The response to last week’s snow feature has been remarkable – the topic clearly resonates with our visitors, and not a few of you are as tired of snow as I am. Jim Benjaminson reports that there’s still plenty of snow in North Dakota, where this Orient Buckboard was photographed about a hundred years ago on the streets of Milton. They didn’t have snow tires, so our inventive Dakotans wrapped some rope around the rear tires.

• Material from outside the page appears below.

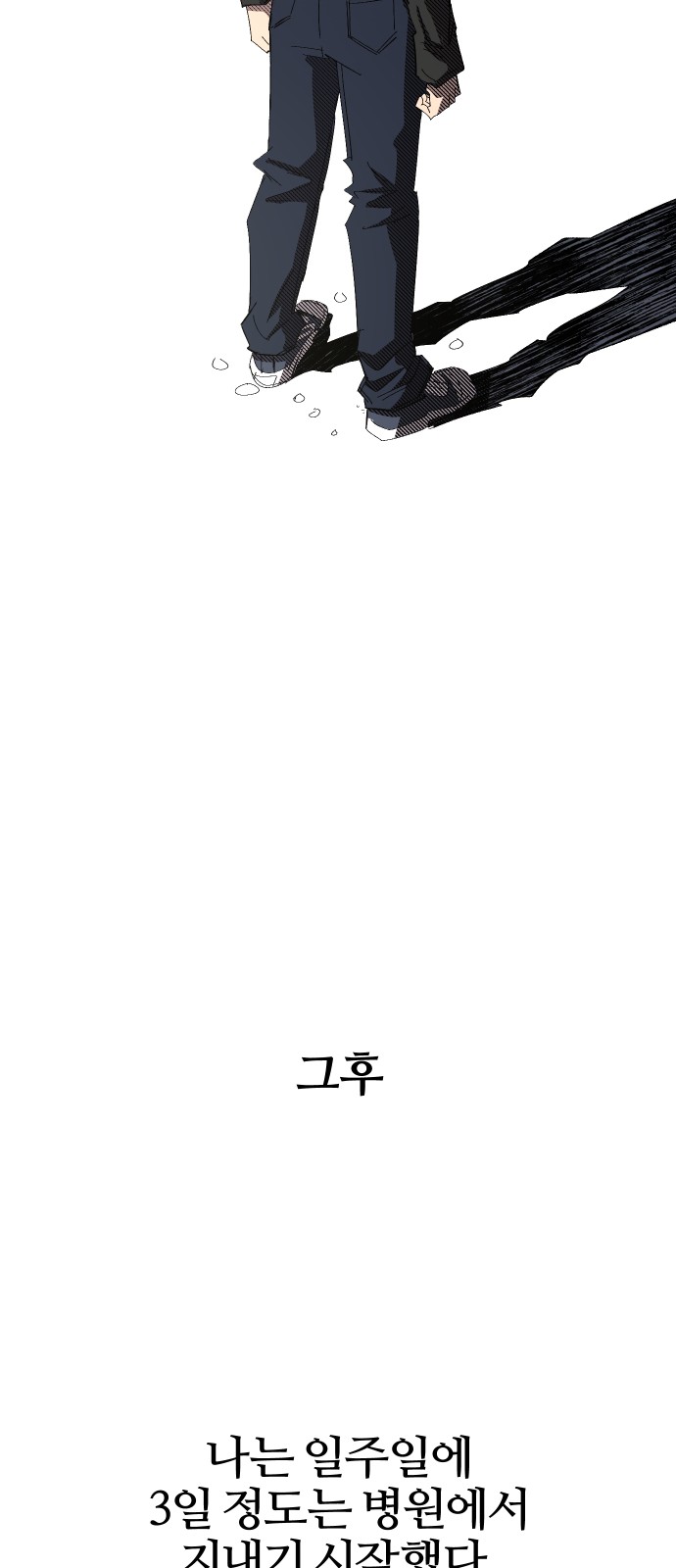 78 페이지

Maybe skittishness about snow is a New World thing. Joris Bergsma, our mentor who runs the inspirational PreWarCar.com, says the Dutch don’t have problems driving their old cars in snow. He sent this pic of Bas Jansen exercising his Austin Seven special in the recent snowfalls in The Netherlands. Bas, with his father Gerrit, runs Carrosserie Bouw Jansen (not to be confused with Jensen Motors, the British coachbuilders who bodied many well-known 1950s-70s cars). Bas and his father built the anatomically-correct aluminum body for this special.
Europeans seem to revel in winter driving. Who else would organize a February rally for historic cars, the Neige et Glace, held annually in France.
Mother Nature did not take kindly to my last week’s comments. Hardly had I posted to the CarPort than she sent another helping of wet snow to Connecticut. It’s melting now, though. Soon we’ll be able to start our spring plowing.